*What is being asked:*
Could you repeat exactly the lines below, from the line containing "Baskılı Kısa Kol Oversize T-shirt Lacivert" through the last one, both included, while leaving out any pictures?
━━━━━ Record set ━━━━━
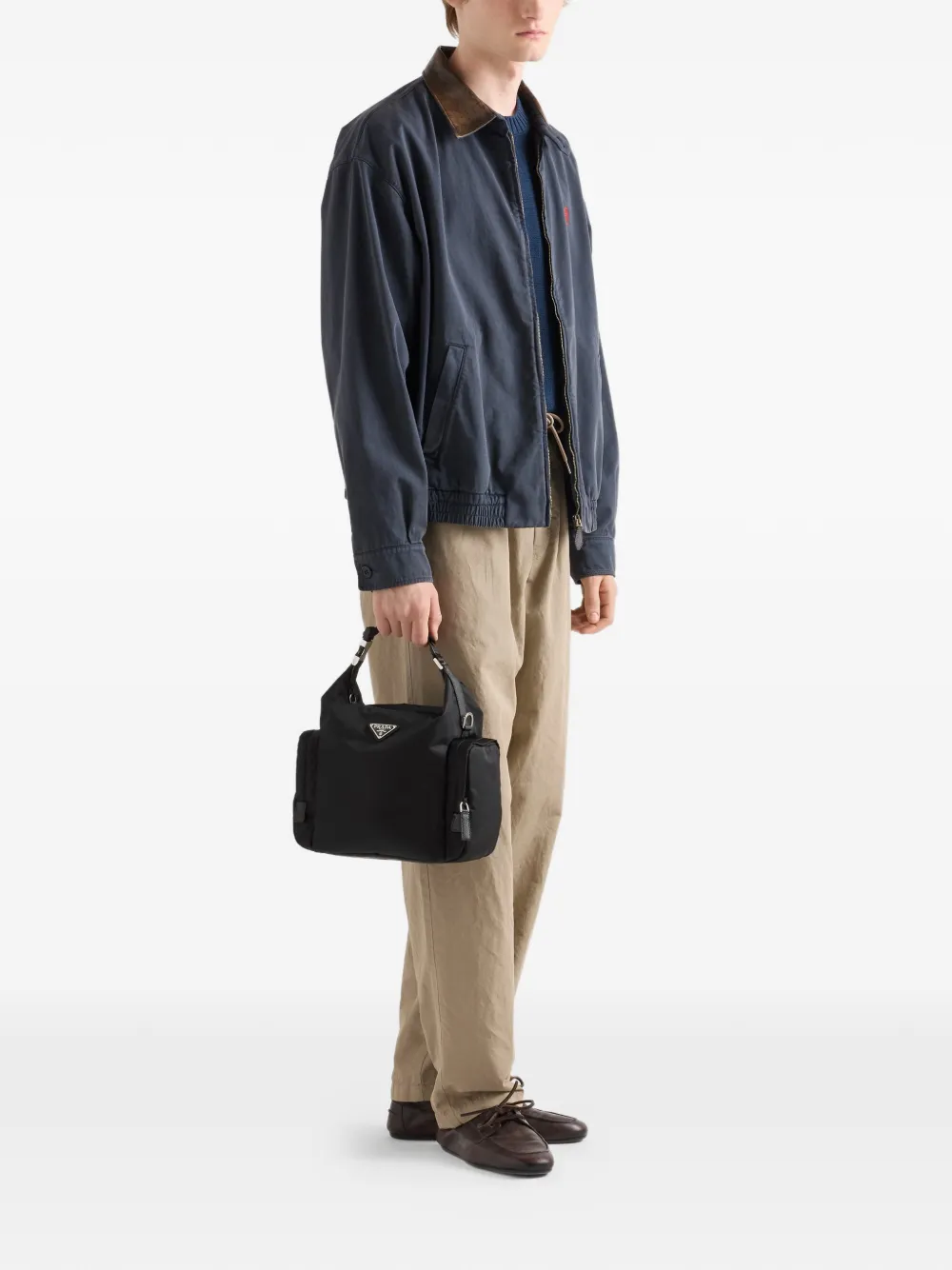 Prada Re-Nylon en Saffiano leren schoudertas Zwart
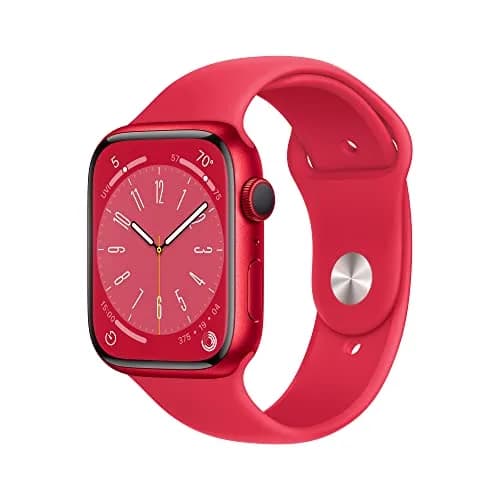 Apple Watch Series 8 GPS 45mm Red Aluminum Case Red Sport Band M/L | Essential Health & Safety Companion - main product image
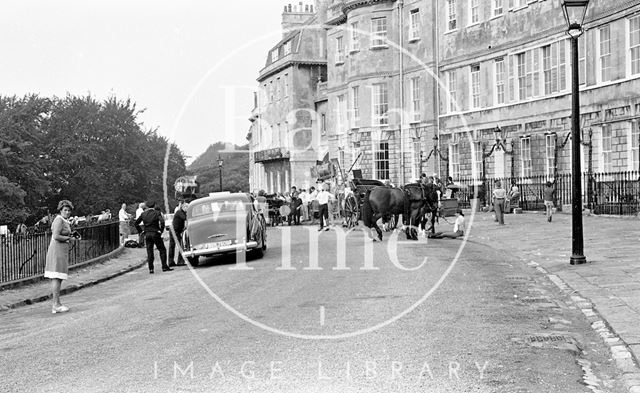 Filming Bequest to the Nation at Lansdown Crescent, Bath 1972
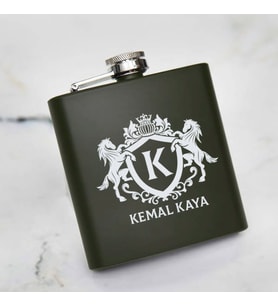 Asil Atlar Kişiye Özel İçki Matarası 6 Oz Yeşil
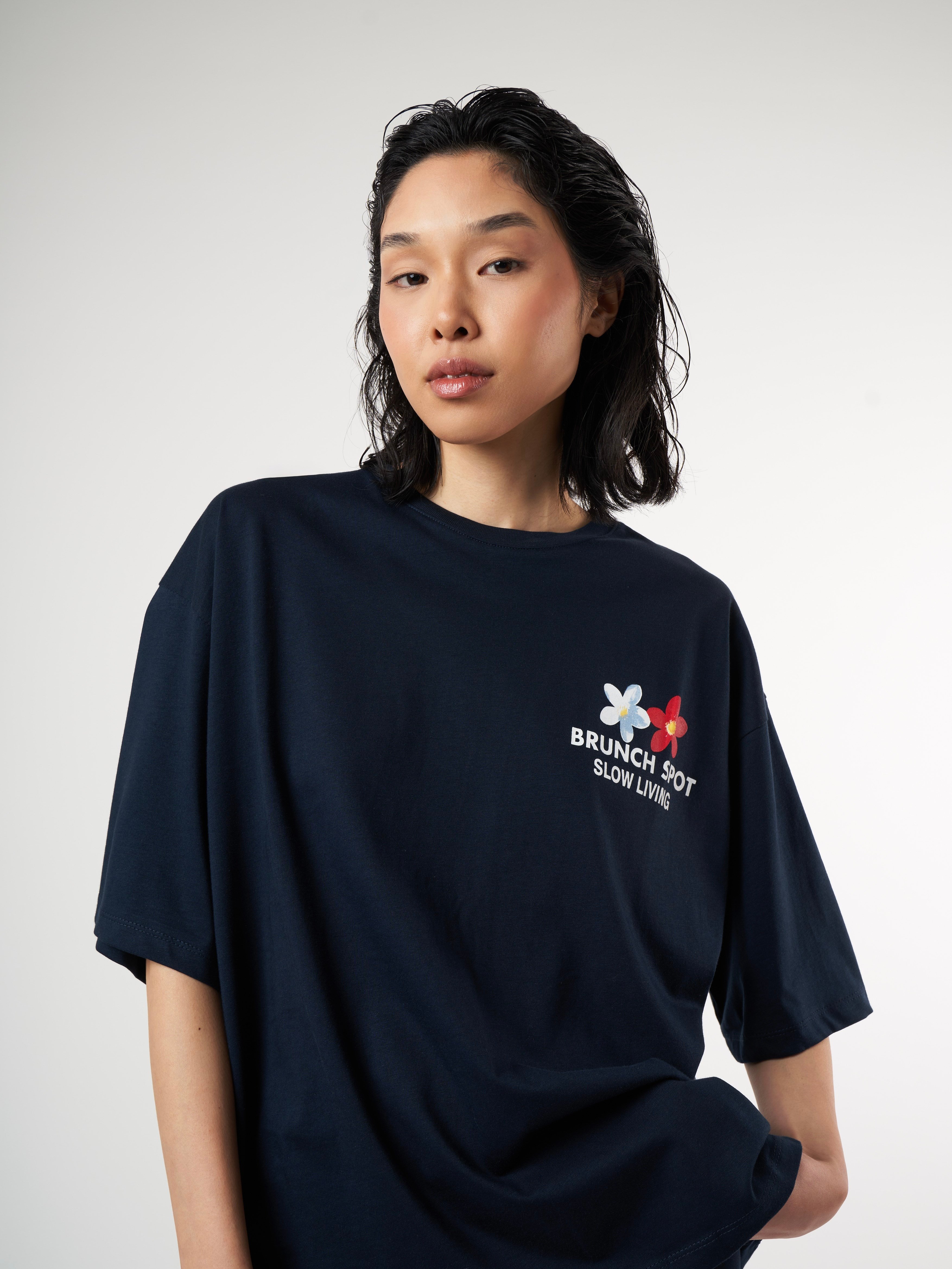 Baskılı Kısa Kol Oversize T-shirt Lacivert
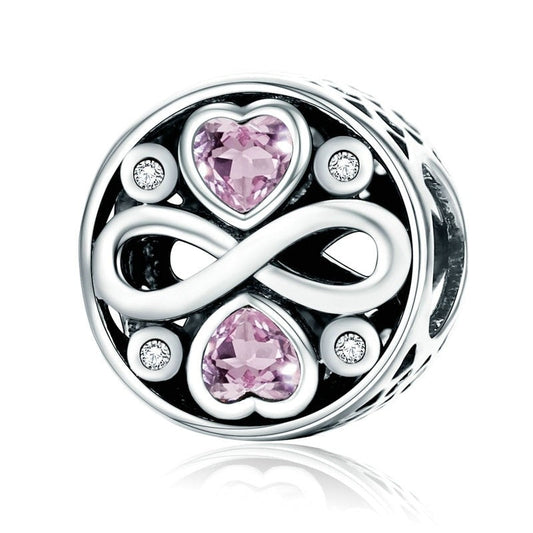 Charm Coeur Rose Infini Argent Sterling 925/1000e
━━━━━
*Written response:*
 Baskılı Kısa Kol Oversize T-shirt Lacivert
 Charm Coeur Rose Infini Argent Sterling 925/1000e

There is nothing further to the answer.